(Dataset entries)
┌──

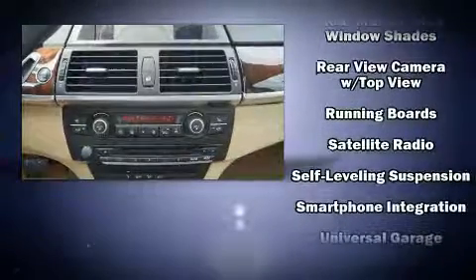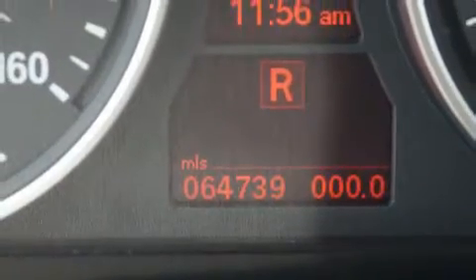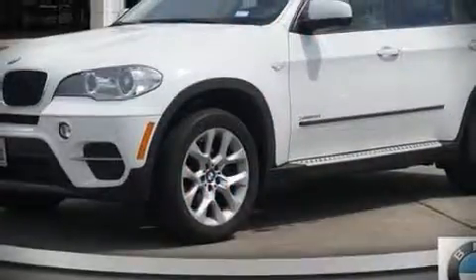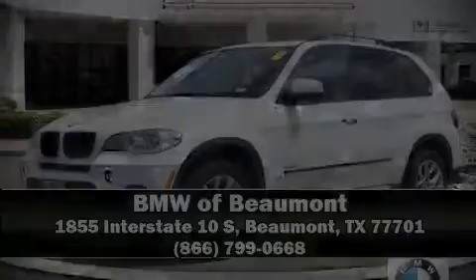A Carfax history report provides you peace of mind by detailing information related to past owners and service records. Please don't hesitate to give us a call. For more information, visit www.carfax.com.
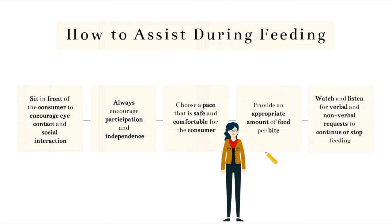It's also important to provide an appropriate amount of food for each bite. Think about how much food you would eat on your spoon or fork and try to give that much to them. If they're having trouble, try making the bite smaller. You also need to watch and listen for verbal and nonverbal requests to continue or stop feeding. From sitting in front of the consumer, it's easier for you to see their nonverbal requests such as the faces they're making or if they're having any trouble chewing and swallowing the food. This also allows you to talk to the consumer throughout the meal, and you can have a conversation about how they're doing and if they would like anything to be changed.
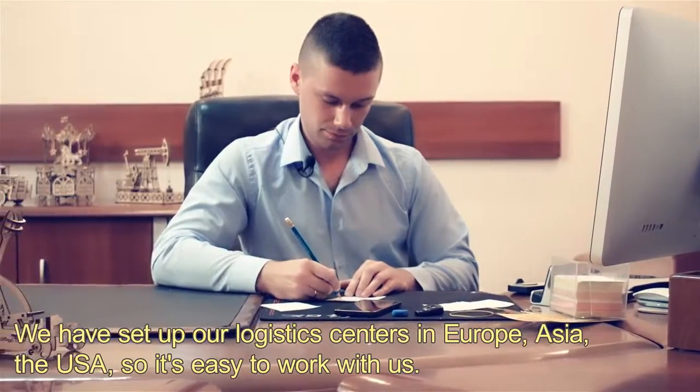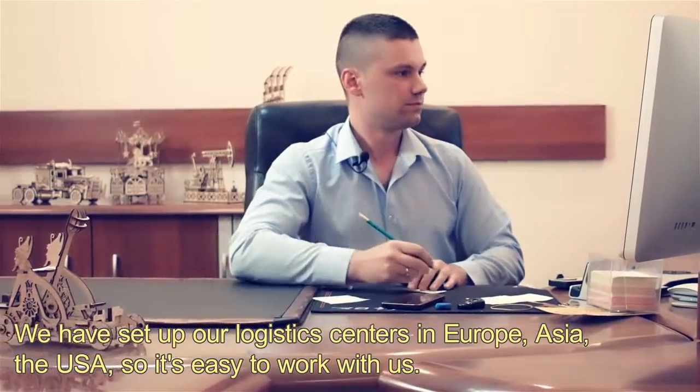We have created our logistics centers in Europe and Asia, so we can work with partners in those regions efficiently.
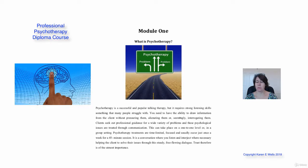Hi, my name is Karen E. Wells and welcome to this fully accredited professional psychotherapy course.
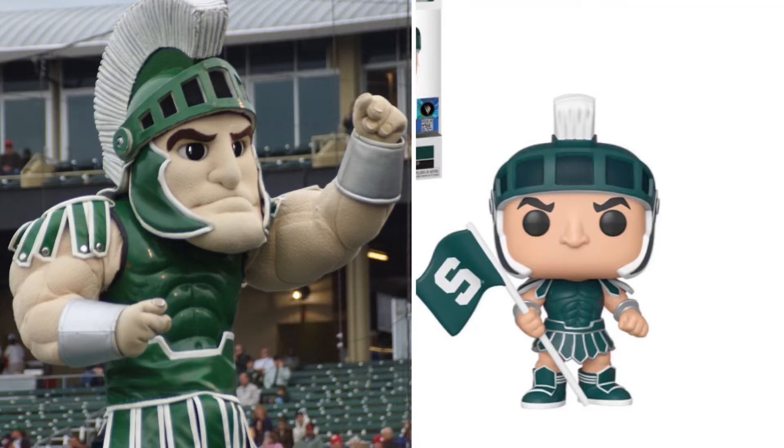At number 1, we got Sparty from Michigan State. I really like the detail that they put in the Funko Pop, and it's just super cool, it's super realistic, so I think the Funko Pops are going to win this round.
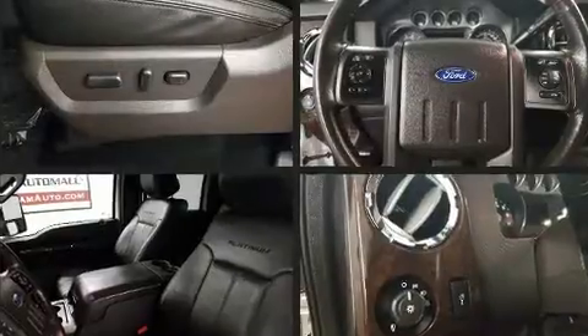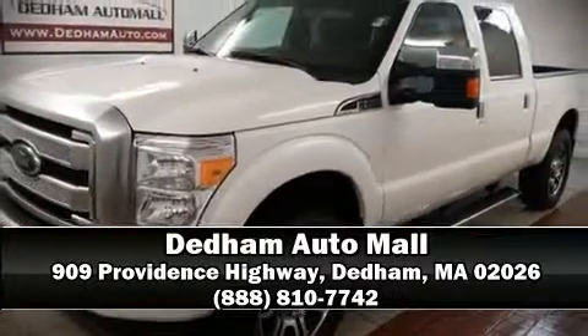A CARFAX history report indicates just one previous owner. Please don't hesitate to give us a call.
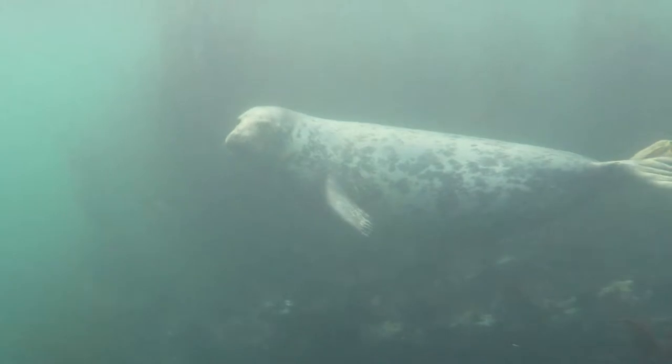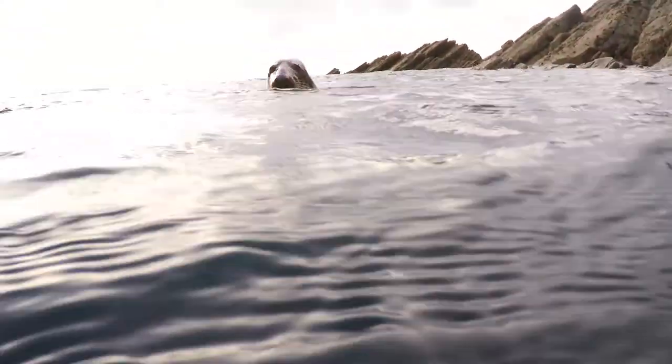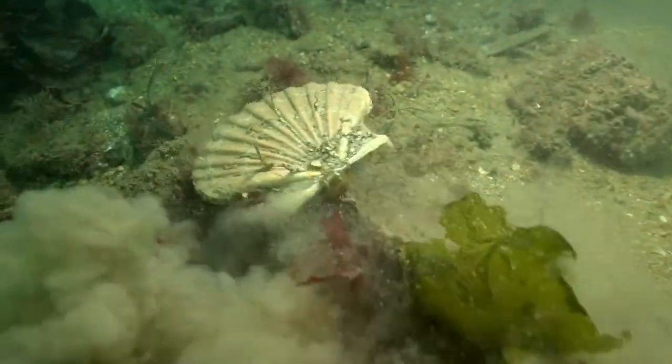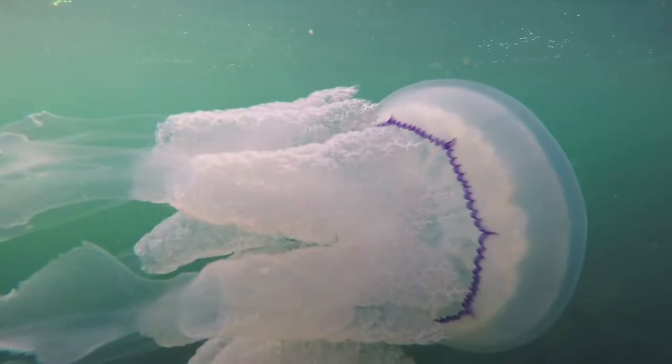All you're seeing when you're looking out to sea is literally just that little tantalizing bit on the surface, but really you've got to go into the water itself to find the real richness of the marine life that we've got around our coast here.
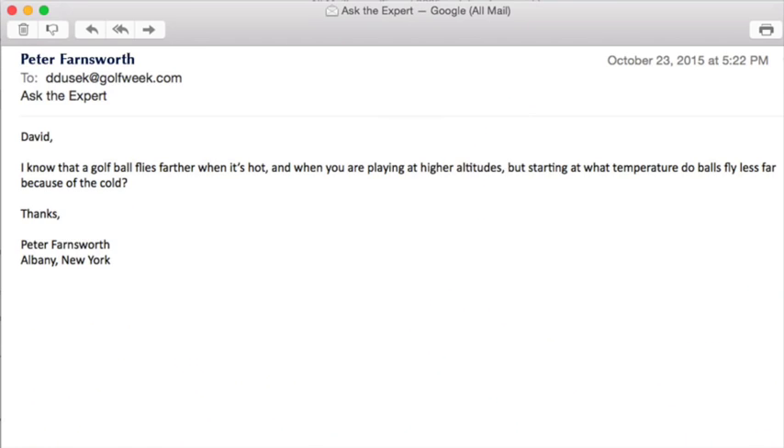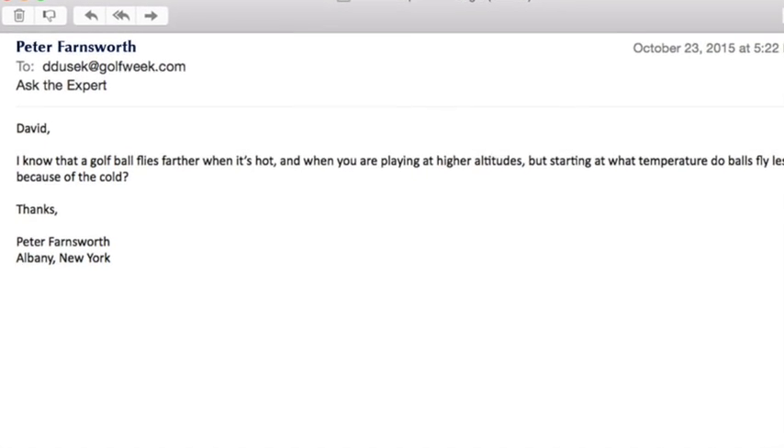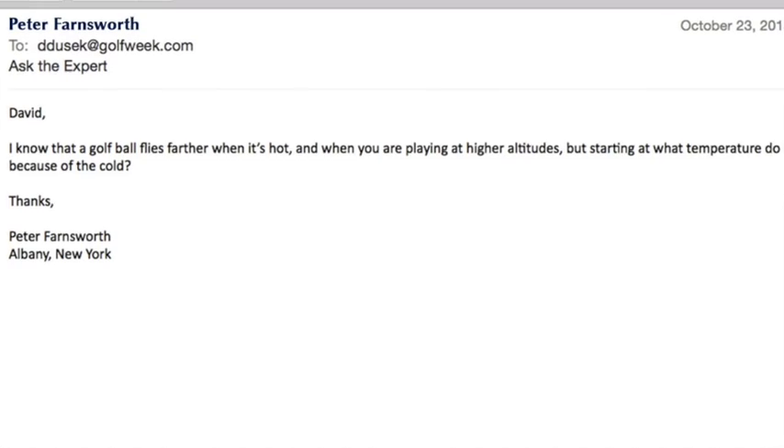This week's letter comes to me from Peter Farnsworth in Albany, New York. Peter writes: David, I know that golf balls fly farther when it's hot and when you're playing at higher altitudes. But starting at what temperature do balls fly less far because of the cold? Thanks.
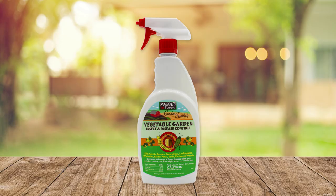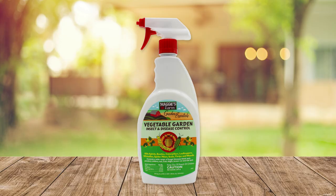If hungry bugs are eating your plants, our three-in-one garden spray and our vegetable garden insect and disease control spray can help. For more helpful tips and pest information, be sure to follow us and visit our website at maggiesfarmproducts.com.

└──

What this task involves>
The response must match the data line for line, from its first line through the line with "All you're seeing", inclusive, and must leave out the pictures.

Expected answer>
A Carfax history report provides you peace of mind by detailing information related to past owners and service records. Please don't hesitate to give us a call. For more information, visit www.carfax.com.
It's also important to provide an appropriate amount of food for each bite. Think about how much food you would eat on your spoon or fork and try to give that much to them. If they're having trouble, try making the bite smaller. You also need to watch and listen for verbal and nonverbal requests to continue or stop feeding. From sitting in front of the consumer, it's easier for you to see their nonverbal requests such as the faces they're making or if they're having any trouble chewing and swallowing the food. This also allows you to talk to the consumer throughout the meal, and you can have a conversation about how they're doing and if they would like anything to be changed.
We have created our logistics centers in Europe and Asia, so we can work with partners in those regions efficiently.
Hi, my name is Karen E. Wells and welcome to this fully accredited professional psychotherapy course.
At number 1, we got Sparty from Michigan State. I really like the detail that they put in the Funko Pop, and it's just super cool, it's super realistic, so I think the Funko Pops are going to win this round.
A CARFAX history report indicates just one previous owner. Please don't hesitate to give us a call.
All you're seeing when you're looking out to sea is literally just that little tantalizing bit on the surface, but really you've got to go into the water itself to find the real richness of the marine life that we've got around our coast here.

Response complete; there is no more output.